It’s hard to explain the popularity of a movie like Smokey and the Bandit.

In one form, it was just escapist trash, no different than The Fast and the Furious or National Treasure. For an 11-year-old boy, however, it was about the coolest movie in the world. Fast cars. Trucks. Cops. Cursing. Burt Reynolds, who basically played an 11-year-old adult. And it was a huge hit.

Watching it last evening, it struck me how much a product of its time it is. It was the late 1970s and light, escapist movies were coming into vogue. The mainstreaming of the auteur movement in cinema had peaked and was rapidly in decline. Jaws and Star Wars had ushered in the popcorn movie.

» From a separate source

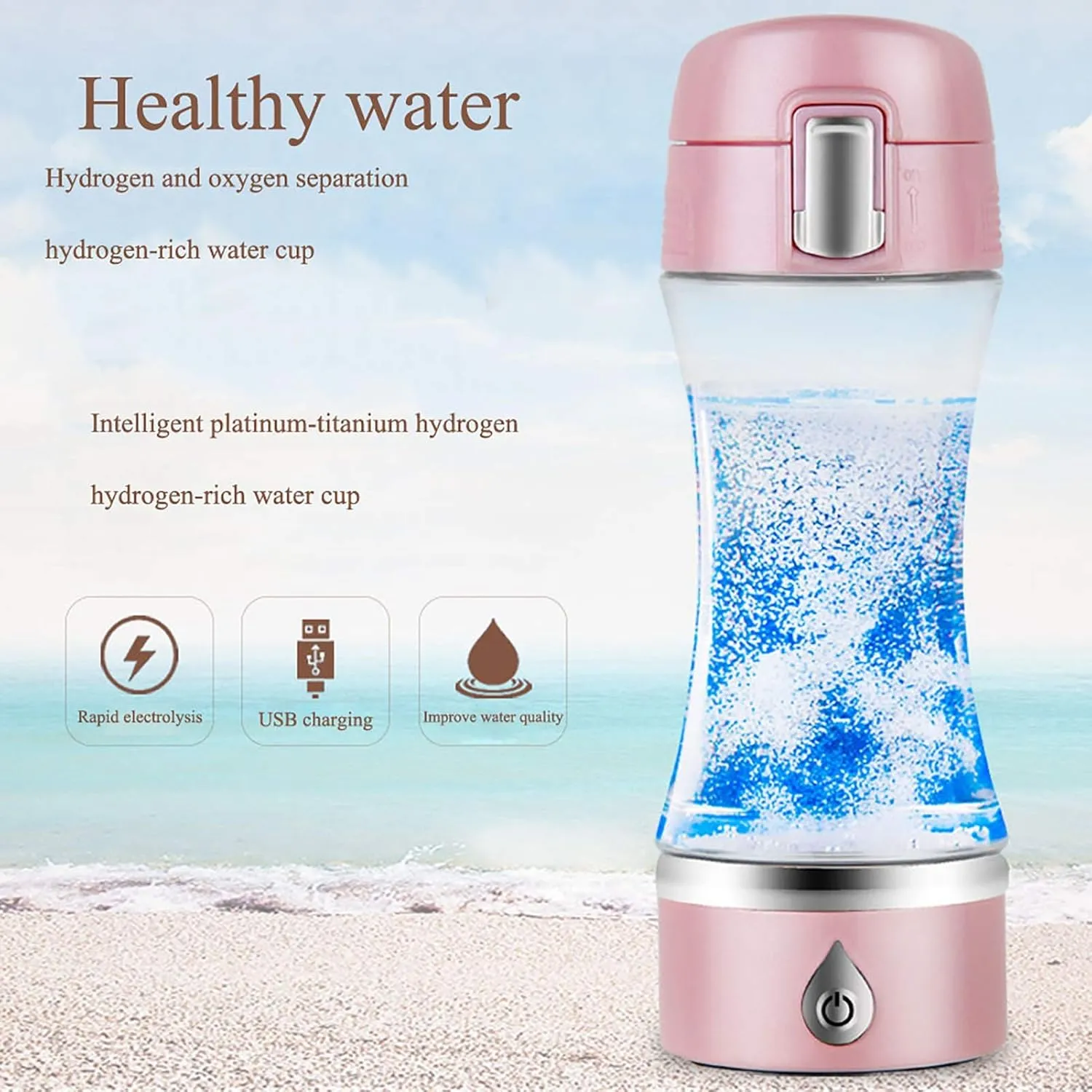 Water Purifiers, Hydrogens Water Bottle Generator H2 Portable Hydrogens Water Maker Eco-Friendly Tritan Plastic Water Bottle USB Rechargeable Mode 3 Mins Make Hydrogen Content Up to 1200-1500 PPB 38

Smokey and the Bandit is a pure popcorn movie, requiring not an iota of thought. For the uninitiated, Burt Reynolds is the Bandit, who is basically a bootlegger. He and has running mate, Cletus, are roped into a bet which says they can’t run a truckload of Coors Beer(!) from Texas to Georgia in 28 hours. (This was back when Coors was legendary in the East because you couldn’t get it there.) Cletus drives the truck. Reynolds runs interference in a black T-top Pontiac TransAm. That’s the plot. They race to Texas and race back, dodging cops along the way, including one Sheriff Buford T. Justice (Jackie Gleason).

Gleason plays in an inept, racist Southern sheriff. Reed, also a country music performer, sings. Sally Field shows up to sit in Reynolds’ car and be the spunky girl. (This was before she became the serious actress.)

The real stars of the film are the CB radios used by Reynolds and Reed to talk to each other, which sparked a craze of CB users and films about them, as well as a wave of southern-fried movies and TV shows, such as “The Dukes of Hazzard.” As hard as it may be to believe now, the idea of drivers being able to talk to each other was radical and exciting. Now, cities pass laws against it.

In that sense, the movie is the forerunner of modern films involving technology, including movies where the Net and cellphones play a prominent role (and which are almost always terrible). In fact, citizen band radios were an early form of social networking. Think about it. Users had “handles” like usernames that they used to communicate with people in a tight community.

According to Wikipedia, Alfred Hitchcock confessed that Smokey and the Bandit was one of his guilty pleasures.

Men of a certain age still probably look longingly when an old black TransAm rolls by.